Ohinemuri Regional History Journal 40, September 1996
Ken McCormick who died at Waihi, aged 64, on 2 March 1994 was known to many as "The Tramp", a seemingly destitute person, who spent his time clearing weeds from the Waihi - Waikino railway track. But what was the story behind this man, who could neither read nor write and had a severe speech impediment?
In the mid 1980s Ken was placed in a Salvation Army home and his old bike was taken away from him. After a short while he had his bike returned and promptly took off to Waihi. One day in 1986 he was noticed by Karen Gaffney, of Waihi, wandering around the Water Lily Gardens where she worked. He had been roaming the country sleeping rough under hedges and in old railway carriages down at the station in Waihi. Karen invited him to use the sleep out in their back garden, an offer which he eventually took up.

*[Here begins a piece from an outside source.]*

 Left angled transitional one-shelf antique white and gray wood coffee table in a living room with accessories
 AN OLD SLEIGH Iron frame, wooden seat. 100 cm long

Dressed up in an old woollen jumper and knitted hats, Ken would roam the streets, pushing his rickety old bike. He loved to stop and talk to people, but few wanted to stop and talk to him. Despite his lack of reading and writing skills he was clever in his own way. Many a Waihi household had one of Ken's Television 3 aerials - rough looking but certainly built well enough to do the job.
He was also keenly interested in the Goldfield's Railway. A member of the Goldfield's Steam Train Society, Robin Millen, said Ken was one for doing the jobs no one else wanted to do. Before the Keith Wrigley Bridge was built across State Highway 2, Ken would get out with the hedge-clippers and cut the grass which threatened to overcome the then unattended railway tracks at the Waikino end of the line. Later, he became the brakeman on the steam train, a job he performed with much skill. He would also dry out the sand needed for the engine sand box on little fires he'd get going down at the station.
A newspaper clipping dating from the mid 1960's reports another of his inventions. This was a miniature hovercraft, designed and built by Ken when he lived at Papakura. The purpose of his invention was to dry out the ground at the Papatoetoe Cricket Club. The machine, driven by a two stroke motor, was built of plywood and canvas. When started, four blades rotated, creating a draught. The action of the air broke up the water on the ground making it evaporate quicker.
But for all his worth, much of Ken's life went unrecognised and unrewarded, most of all by himself. Although seemingly destitute, Ken had $16000 in his bank account when he died and had, on one occasion, won $8000 in Lotto. This he promptly banked. Perhaps, for Ken, life's riches could not be counted in terms of dollars and cents.